I'm happy with my M1Max 64GB MBP in part because I need portability, so a Studio doesn't cover that. If you are someone that works with large templates, doesn't bounce tracks because you work under extreme time pressures, uses RAM intensive libraries, etc, you are likely to be frustrated with only 64GB (or even 128GB for that matter).

I am also a photographer and Capture 1 flies on the MBP (I no longer use LR or PS so no opinion on those). I can't see a photography use case that justifies an Ultra unless you are a commercial photographer doing extensive retouching (e.g, tons of Photoshop layers) of MF or LF images. Even then I'm not sure 64GB is that much of a limitation.

I'm not much of a video guy, so I have little to offer based on personal experience. The Youtube guys seem happy enough with Max when it came out last year.

That said, if I didn't need/want portability, I would go for a loaded Ultra in a heartbeat. nobody ever wished they had a less powerful computer


----------



## emilio_n (Mar 20, 2022)

khollister said:


> I can't offer an opinion on the Studio Display since I'm not in the market (I have a Pro Display XDR).
> 
> It is almost impossible for someone else to answer whether 10 cores/64GB is "good enough" because it is so dependent on your workflow, composition style and expectations. Budget also comes into play.
> 
> ...


Thanks for your comments, @khollister
I am still attached to LR for my workflow. I process a lot of pictures for events and weddings. Some commercial jobs of products but nothing crazy. The RAM here or the extra CPUs are not a great deal for me, I think.

For video, I use Final Cut which works super optimized for Apple Silicon. I don't make Hollywood productions, so the MAX is for sure enough.

For music, you are right. Both 64GB and 128GB could have limitations depending on the workflow, so coming from 32, I will be super happy with 64GB. I think I can adapt my workflow to that amount. Finally, I am just making small projects for customers and mockups to learn.

The Pro Display XDR will be a dream for me, not sure about my wallet. 🙃 I can justify working with photos and video most of the time.

I work mainly at home, but you know, sometimes is good to have portability if a customer asks to send material or need to do something on the road.


----------



## emilio_n (Mar 20, 2022)

Thanks, everybody for your feedback. I will cancel the display and think about Studio Ultra. 
With the transition to AS, looks that now is better to think about what you need right now and don't think too much about future proof. 
Maybe just in one year, we will have something much better than the current models.


----------



## emilio_n (Mar 20, 2022)

Michael Antrum said:


> But why not make up your mind when you get it - Isn’t there a 14 day return policy…..?
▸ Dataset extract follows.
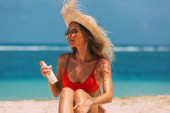 Ponekad moda nije nosiva, ali jeste zabavna: Crveni kupaći zbunio i nasmejao žene na internetu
This is something strange about Apple here in Hong Kong, They mention that the sales are final and don't offer refound buying online.


----------



## samphony (Mar 20, 2022)

emilio_n said:


> Are 64GB of RAM enough for a normal orchestral composition? A MacBook Pro Max could be an interesting option too. Are you using hungry RAM libraries without problem?


It works for my current use cases. No problems so far. But I stopped involving rosetta based plugins and working natively in Studio One and Logic Pro. No VEP.


----------



## khollister (Mar 20, 2022)

emilio_n said:


> Thanks for your comments, @khollister
> I am still attached to LR for my workflow. I process a lot of pictures for events and weddings. Some commercial jobs of products but nothing crazy. The RAM here or the extra CPUs are not a great deal for me, I think.
> 
> For video, I use Final Cut which works super optimized for Apple Silicon. I don't make Hollywood productions, so the MAX is for sure enough.
> ...


I was running Capture 1, Affinity Photo, Luminar and Helicon Focus last summer on my 16GB M1 13" MBP - ran great with Fuji XT-4 raw files. If you need a portable solution for your photography work (and maybe video depending on what you are doing), a M1 (or upcoming M2) MBP or Air is a completely viable 2nd computer for those use cases.
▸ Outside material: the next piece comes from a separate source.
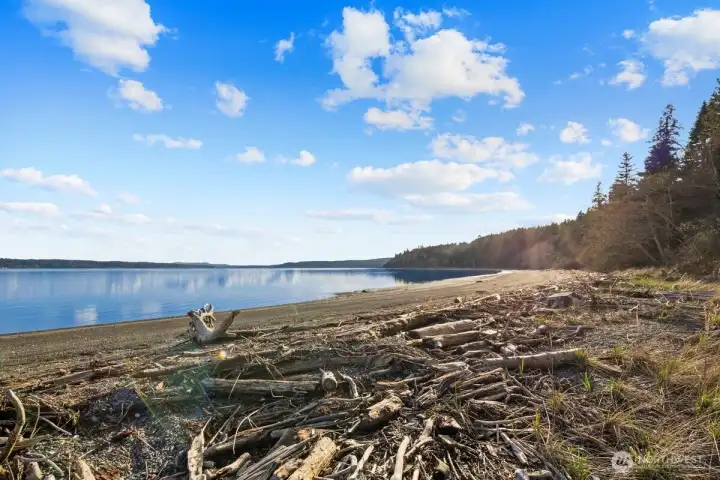NATURALLY BEAUTIFUL SETTING LOOKING SW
I went the M1Max route because I got tired of keeping 2 computers synced with all the music SW.

My photo stack is C1, Affinity, Luminar, OnOne, Helicon Focus and Nik - much easier to keep up with.


----------



## gsilbers (Mar 20, 2022)

I think it’s pretty future proof if that’s what you need.
Both chips are already regarded as very good and powerful and the only issue is that for 128gb or ram u are forced into the m1 ultra at higher price. Which might be way overpower for daw work.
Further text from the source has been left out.